* [The problem] Return exactly the span of lines in the following data that opens with the line containing "RUS Heavy Duty T-Shirt, Light Oxford, S" and closes with the line containing "Tiger Eye, Gemstone". Include nothing else.

* [Information]
※ ※ ※
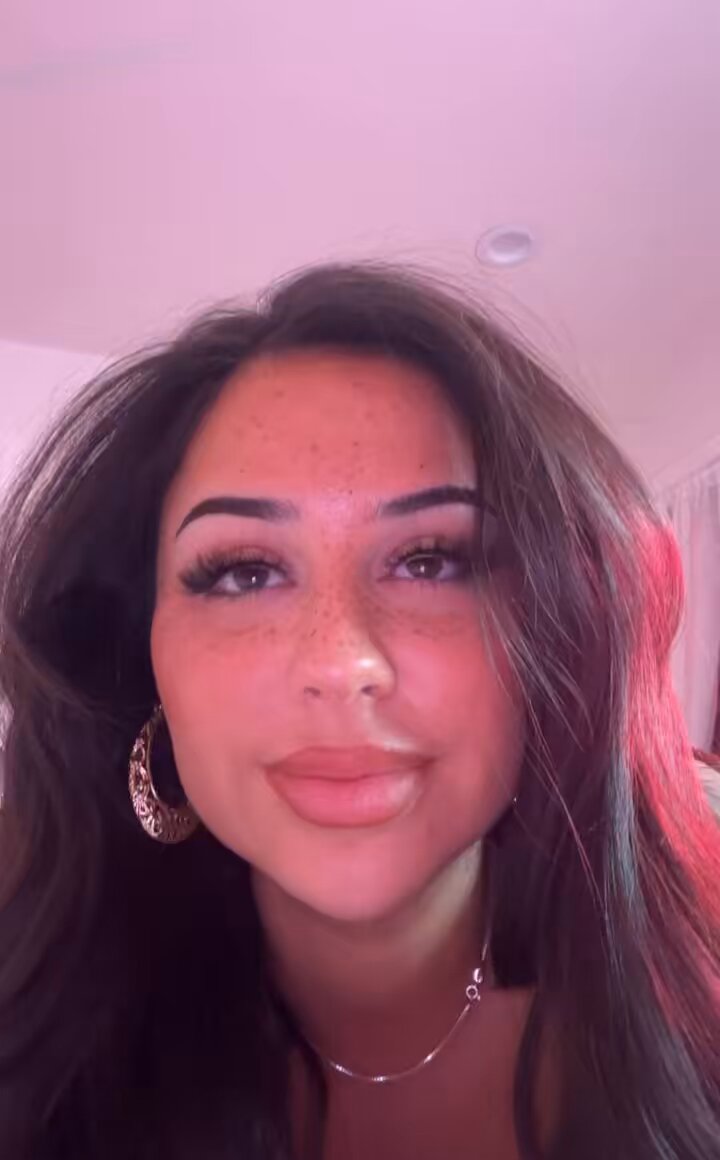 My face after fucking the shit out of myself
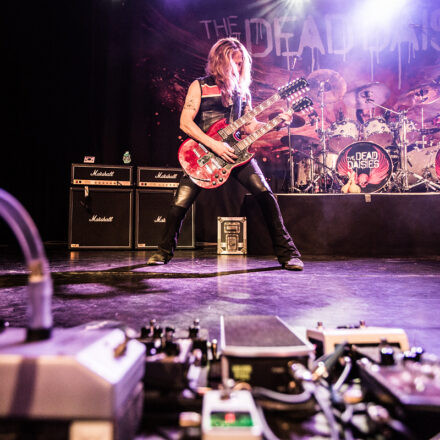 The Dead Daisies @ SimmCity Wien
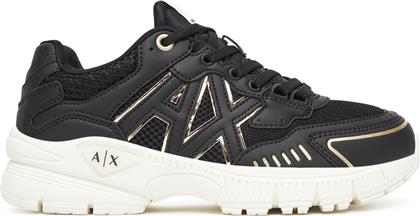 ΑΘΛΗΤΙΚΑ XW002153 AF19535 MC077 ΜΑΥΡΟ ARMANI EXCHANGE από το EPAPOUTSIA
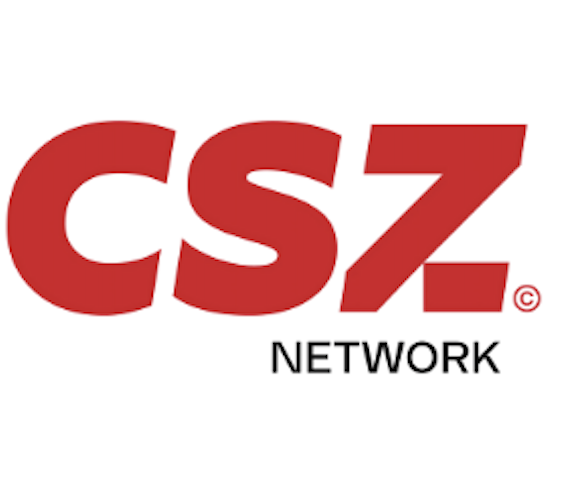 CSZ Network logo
※ ※ ※
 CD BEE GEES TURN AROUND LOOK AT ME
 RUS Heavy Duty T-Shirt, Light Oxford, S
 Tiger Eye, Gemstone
※ ※ ※
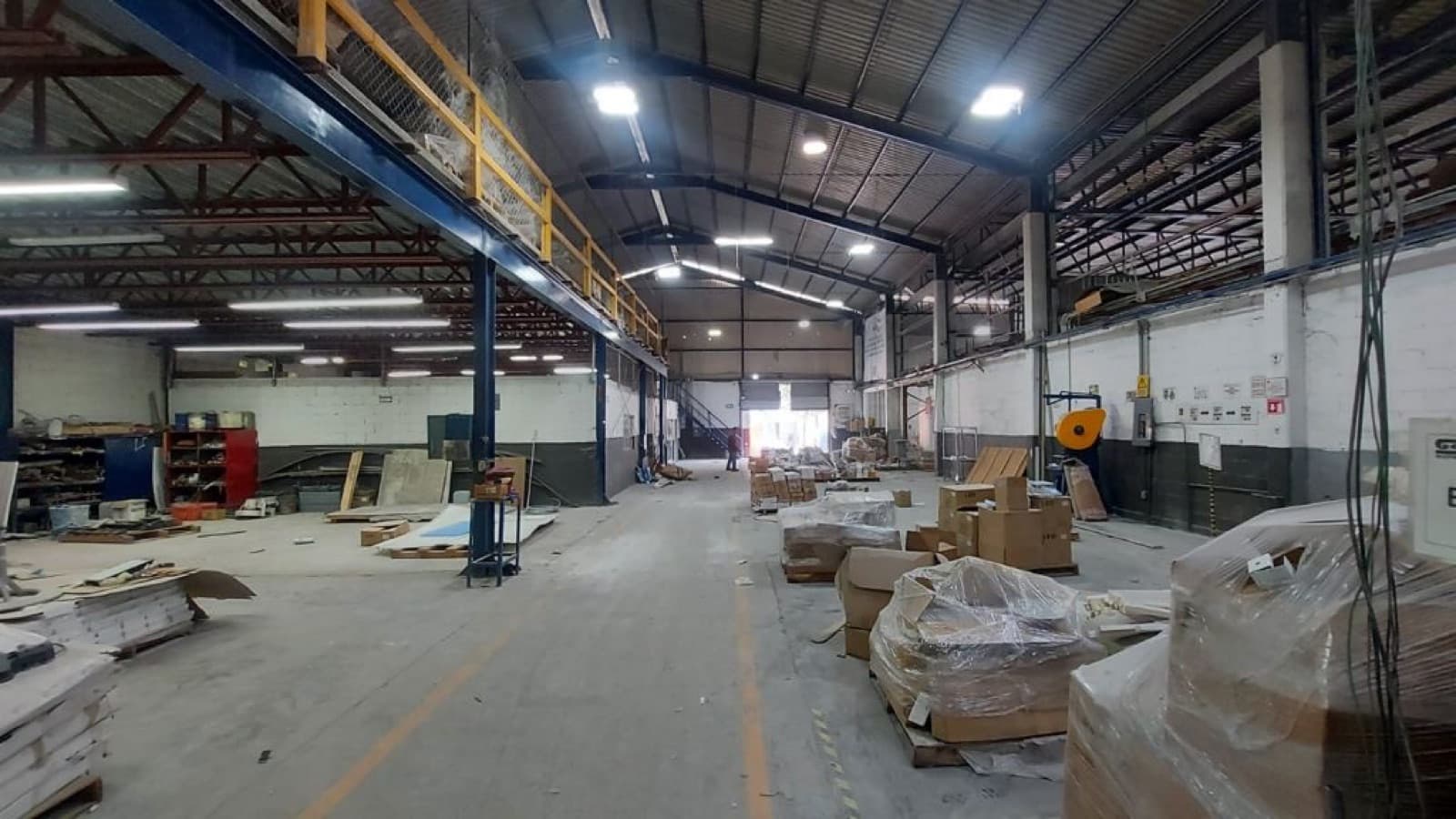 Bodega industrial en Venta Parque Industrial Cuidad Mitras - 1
※ ※ ※
* [Solved exercise]
 RUS Heavy Duty T-Shirt, Light Oxford, S
 Tiger Eye, Gemstone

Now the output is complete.